TASK ITEM
From the line that contains "Модуль с раковиной" down to the final line of the listing below, set down every line exactly, both ends included, and drop the pictures.
(Beginning of DATA EXCERPTS)
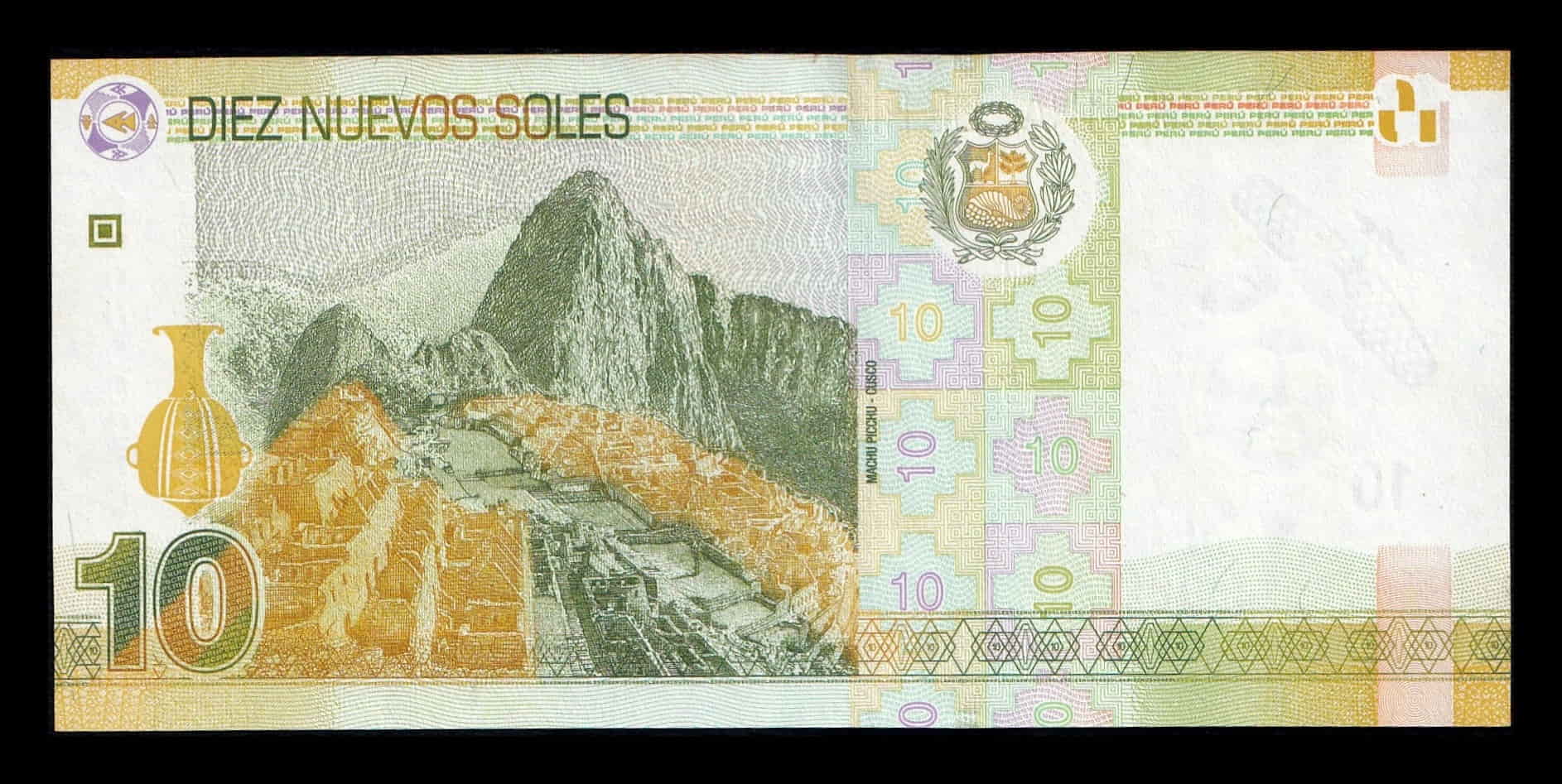 Alternative view of Perú 10 Nuevos Soles José Abelardo Quiñones 2013 Pick 187 Numeración baja Sc Unc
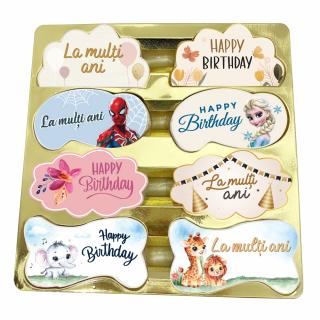 Decor Pasta Zahar Multicolor, Mesaj Aniversar, Set 80 buc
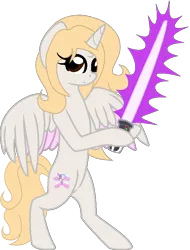 Size: 590x776 | Tagged: safe, artist:mickey1909, derpibooru import, oc, oc:mythical valiant, alicorn, bipedal, female, g4, image, lightsaber, png, simple background, solo, star wars, transparent background, weapon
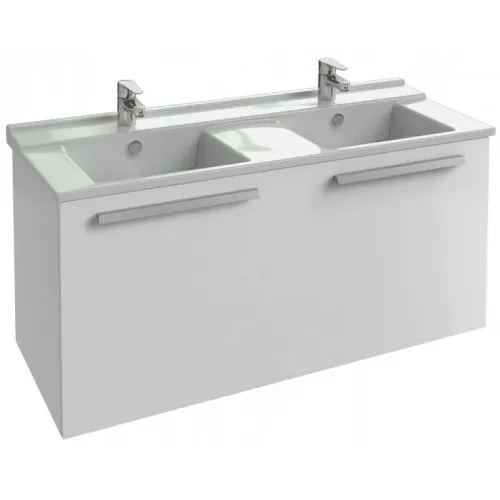 Модуль с раковиной Struktura 120 см, белый меламин, 1 выдвижной ящик, двойная, подвесной монтаж EXF112-00+EB1287-N18 Jacob Delafon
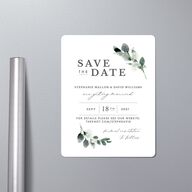 Elegant Greenery Save The Date Magnets Pure White Magnet Paper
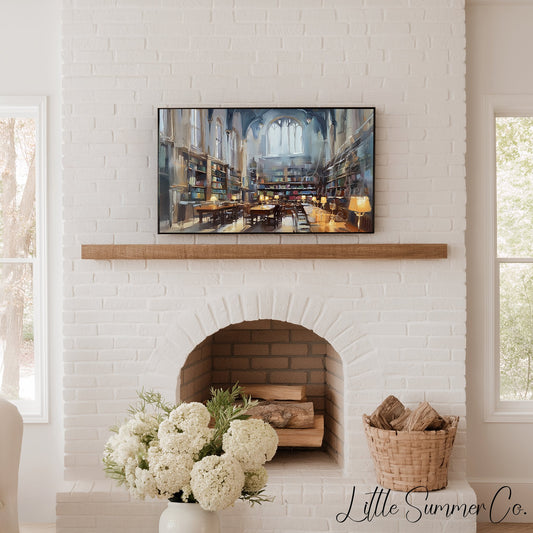 Grand Library Reading Room Frame TV Art displayed on a TV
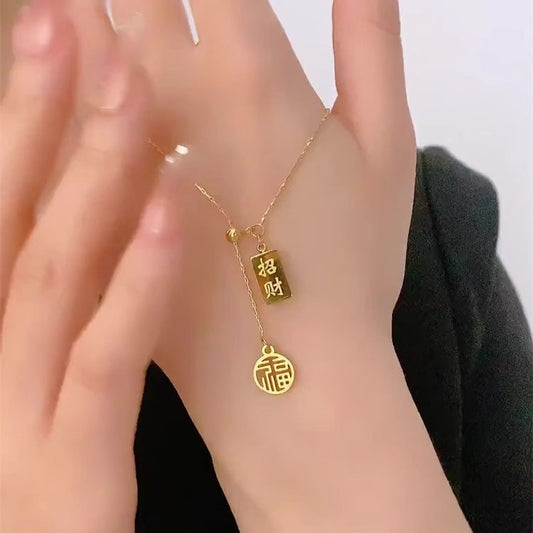 Grosir Kalung Wanita Stainless Steel Berliontin Emas Fu - Simbol Keberuntungan, Trendi & Tidak Kusam! - 我的商店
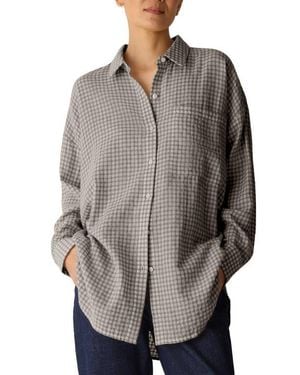 Eileen Fisher Classic Collar Longline Button-Up Shirt - Gray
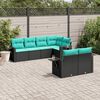 vidaXL 7-teiliges Gartensofa-Set mit Kissen, schwarzes Polyrattan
(End of DATA EXCERPTS)
SOLVED PROBLEM
 Модуль с раковиной Struktura 120 см, белый меламин, 1 выдвижной ящик, двойная, подвесной монтаж EXF112-00+EB1287-N18 Jacob Delafon
 Elegant Greenery Save The Date Magnets Pure White Magnet Paper
 Grand Library Reading Room Frame TV Art displayed on a TV
 Grosir Kalung Wanita Stainless Steel Berliontin Emas Fu - Simbol Keberuntungan, Trendi & Tidak Kusam! - 我的商店
 Eileen Fisher Classic Collar Longline Button-Up Shirt - Gray
 vidaXL 7-teiliges Gartensofa-Set mit Kissen, schwarzes Polyrattan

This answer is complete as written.